Analiso, inicialmente, as preliminares de contestação arguidas.
Da falta de interesse de agir.
Preliminar rejeitada.
Com olhos no princípio da inafastabilidade da jurisdição e do acesso à justiça, este magistrado, arrimado em farta jurisprudência, não considera o esgotamento das tentativas de resolução por vias administrativas condição sine qua non da demanda, vez que do contrário resultaria óbice do acesso à justiça, garantido implicitamente pela Constituição da República Federativa do Brasil (artigo 5º, inciso XXXV, reproduzido no art. 3o, do Código Processual Civil).
Outrossim, a via eleita pelo consumidor para ter reparado o seu potencial dispêndio é correta, inexistindo ainda quaisquer irregularidades nas condições processuais da ação (in status assertionis).
Doravante, comportando o feito julgamento antecipado, em razão da desnecessidade de ulterior elucidação da matéria dos fatos, na forma do art. 355, I, fundamento e decido.
Verifica-se, de início, ao analisar os autos, que o réu não juntou qualquer documento que auxiliasse para o deslinde do caso, deixando de comprovar o estabelecimento do qualquer vínculo contratual com a parte autora, tampouco a legitimidade do débito que deu ensejo à incontroversa negativação, não tendo carreado aos autos provas conclusivas acerca da suposta contratação originária de serviço, alegadamente ocorrida junto a empresa terceira, supostamente objeto de cessão de créditos, que teria dado azo à restrição creditícia objeto da lide, falhando quanto ao seu onus probandi, na forma do art. 373, II, do Código de Processo Civil.
Frise-se que a jurisprudência dos tribunais pátrios é assente no sentido de que Nota Fiscal configura documento unilateral, inapto no sentido de comprovar a existência de relação contratual.
Nesse sentido: EMENTA: APELAÇÃO CÍVEL.
DIREITO CIVIL E PROCESSUAL CIVIL.
AÇÃO DE COBRANÇA.
DUPLICATA.
ART. 15 DA LEI N.º 5.474/1968.
NOTA FISCAL SEM ASSINATURA DO TOMADOR.
EFETIVA PRESTAÇÃO DE SERVIÇOS.
NEXO DE CAUSALIDADE COM O VALOR COBRADO.
NÃO COMPROVAÇÃO.
ART. 373, I, DO CPC.
RECURSO NÃO PROVIDO. - A cobrança de duplicata sem aceite é possível quando estiver protestada e acompanhada de documento comprobatório da entrega de mercadorias ou prestação de serviços (art. 15 da Lei n.º 5.474/1968 - Lei das Duplicatas).
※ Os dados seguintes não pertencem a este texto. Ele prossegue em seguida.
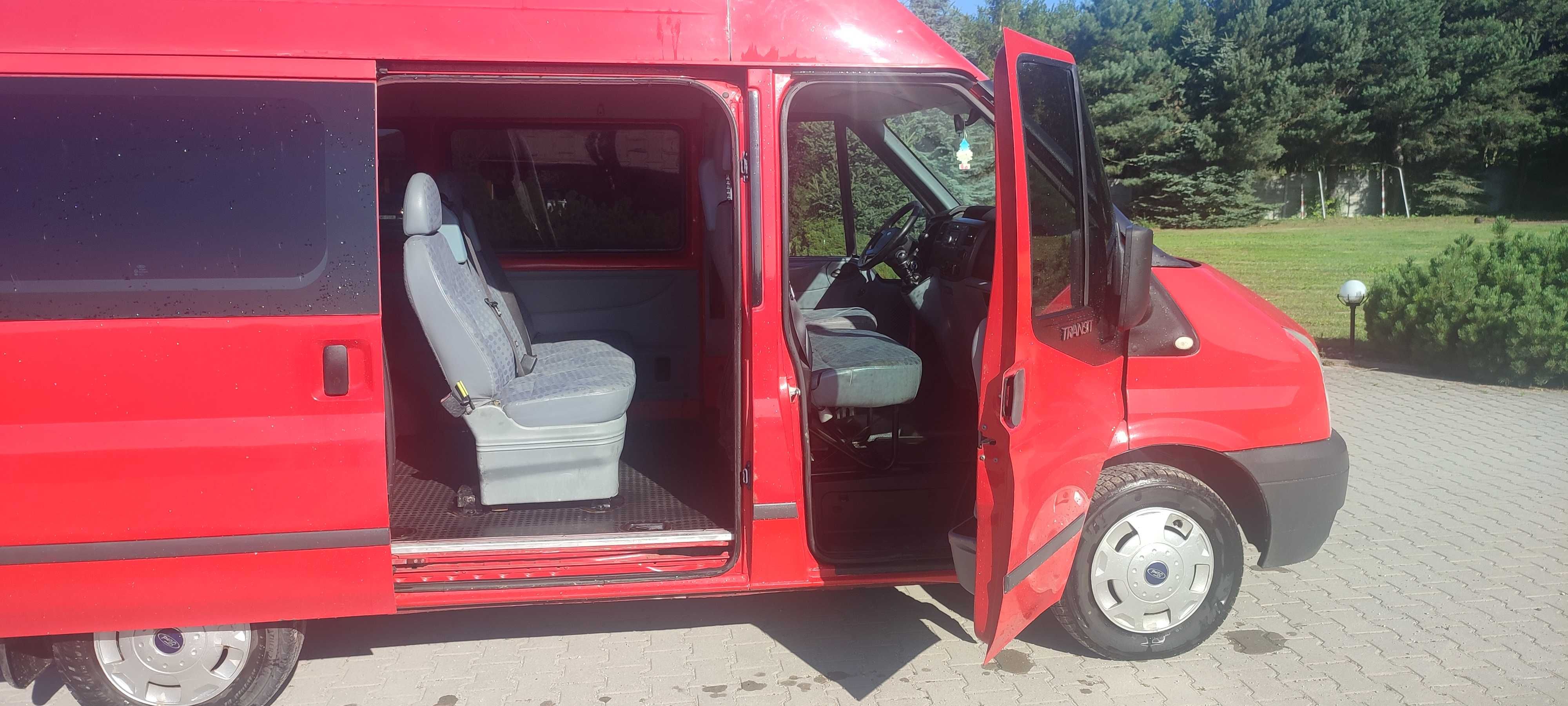 Ford Transit 2,2 9-osobowy polski salon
A mera emissão de nota fiscal não é suficiente para a comprovação dos serviços supostamente prestados e do crédito respectivo, por se tratar de documento unilateral.
O credor deve provar o nexo de causalidade entre os serviços e o montante indicado no título - No caso concreto, a Apelante não se desincumbiu do ônus de demonstrar a efetiva prestação dos serviços cobrados na inicial, nos termos do art. 373, I, do CPC.
A nota fiscal que instruiu a inicial não contém a assinatura do representante legal do Apelado, e não descreve os supostos serviços prestados. (TJ-MG - AC: 51364361020168130024, Relator: Des.(a) Habib Felippe Jabour, Data de Julgamento: 09/05/2023, Câmaras Cíveis / 18ª CÂMARA CÍVEL, Data de Publicação: 10/05/2023) Assim, se houve cessão de crédito, a empresa cessionária torna-se integralmente responsável pela regularidade do contratação em relação à qual se tornou credora, na forma do art. 942, caput e §1º, do Código Civil e dos arts. 7º, §único e 25, §1º, da Lei 8.078/90.
A ré deveria, portanto, para pretender ser válido o lançar mão de atos de constrição frente ao consumidor, apresentar o contrato originário da avença, sem o que não se pode presumir a validade ou mesmo a existência do negócio jurídico primitivamente celebrado junto ao terceiro.
Nesse sentido, a atual jurisprudência do Superior Tribunal de Justiça que a seguir colacionamos: CESSAO DE CRÉDITO.
NAO APRESENTAÇAO POR PARTE DA REQUERIDA DO CONTRATO QUE ORIGINOU A CESSAO DE CRÉDITO.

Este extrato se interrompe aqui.